■ Recorded information ■
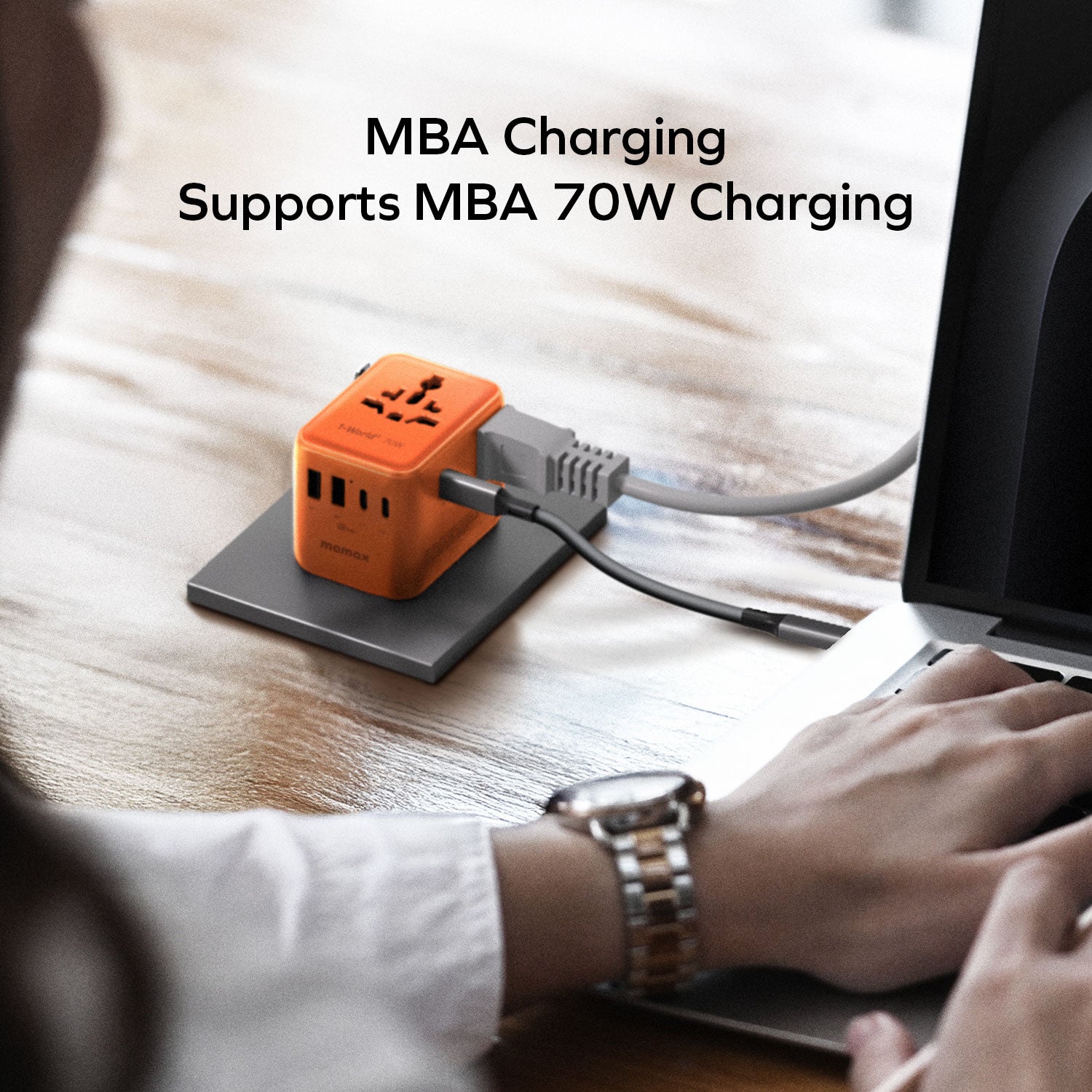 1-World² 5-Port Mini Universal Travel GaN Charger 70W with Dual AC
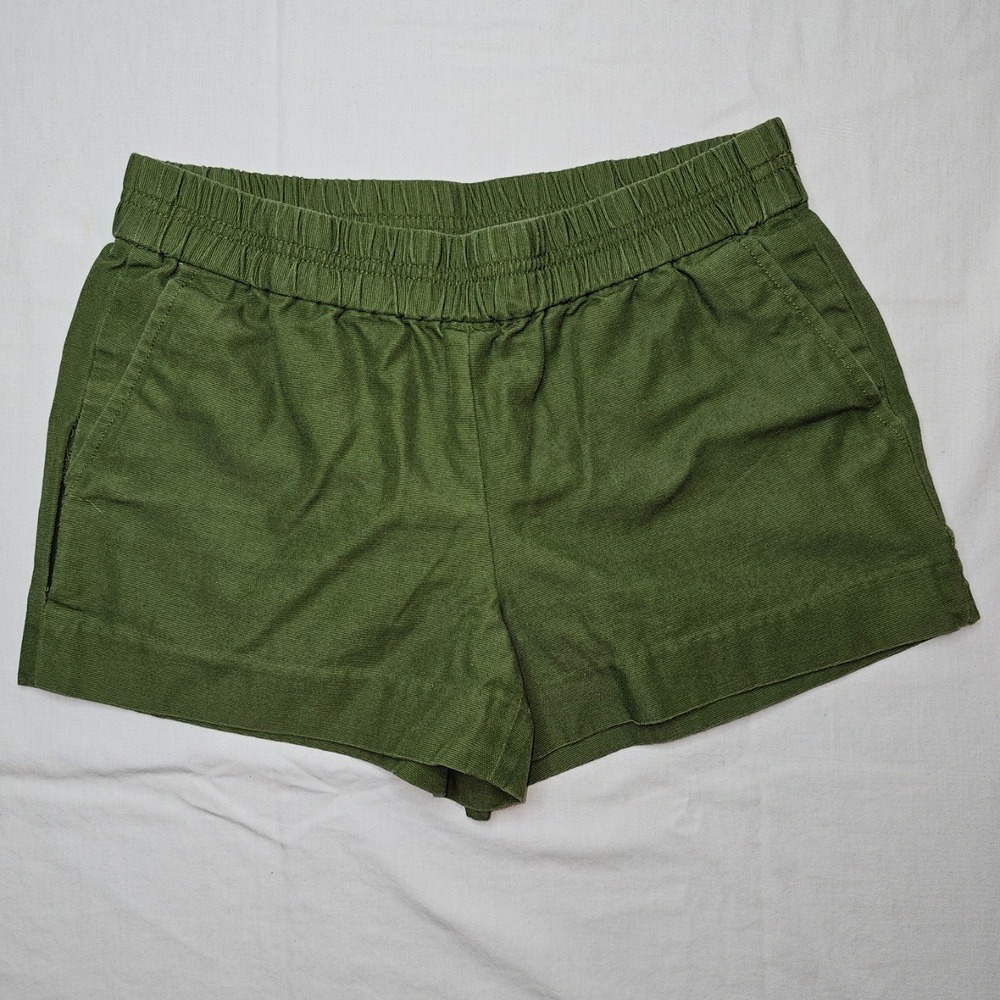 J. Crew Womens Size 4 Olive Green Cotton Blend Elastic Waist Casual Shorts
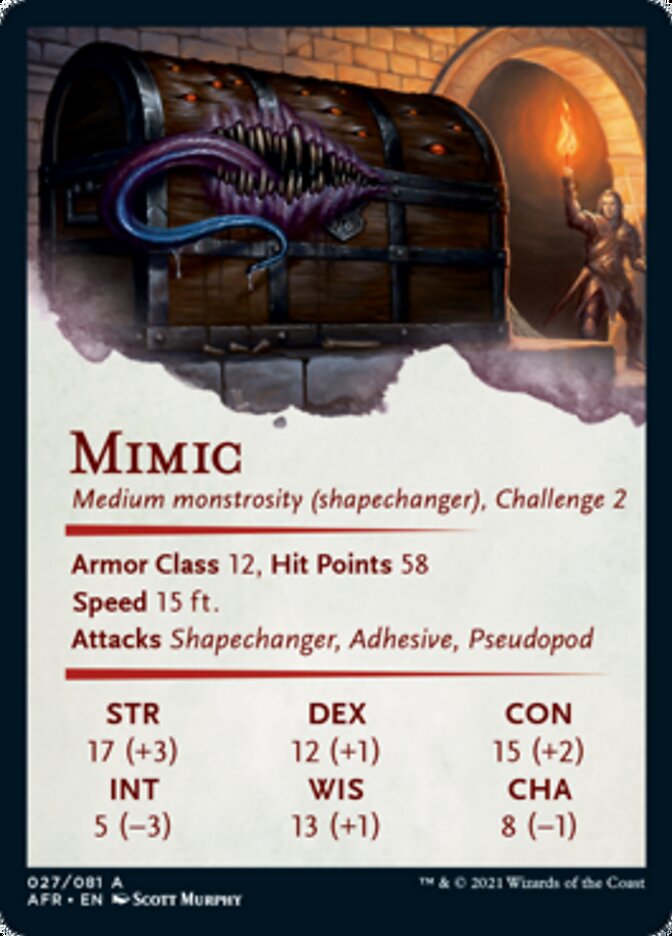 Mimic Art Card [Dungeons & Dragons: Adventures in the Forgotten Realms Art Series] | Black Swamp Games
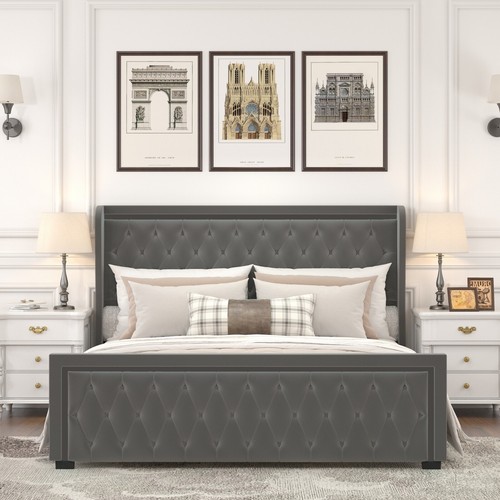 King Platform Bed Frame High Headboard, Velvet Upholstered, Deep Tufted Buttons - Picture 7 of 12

■ Directions ■
Your task is to copy word for word the lines from the line containing "Mimic Art Card" to the end of the listing, both included, and to drop any pictures.

■ Solved problem ■
 Mimic Art Card [Dungeons & Dragons: Adventures in the Forgotten Realms Art Series] | Black Swamp Games
 King Platform Bed Frame High Headboard, Velvet Upholstered, Deep Tufted Buttons - Picture 7 of 12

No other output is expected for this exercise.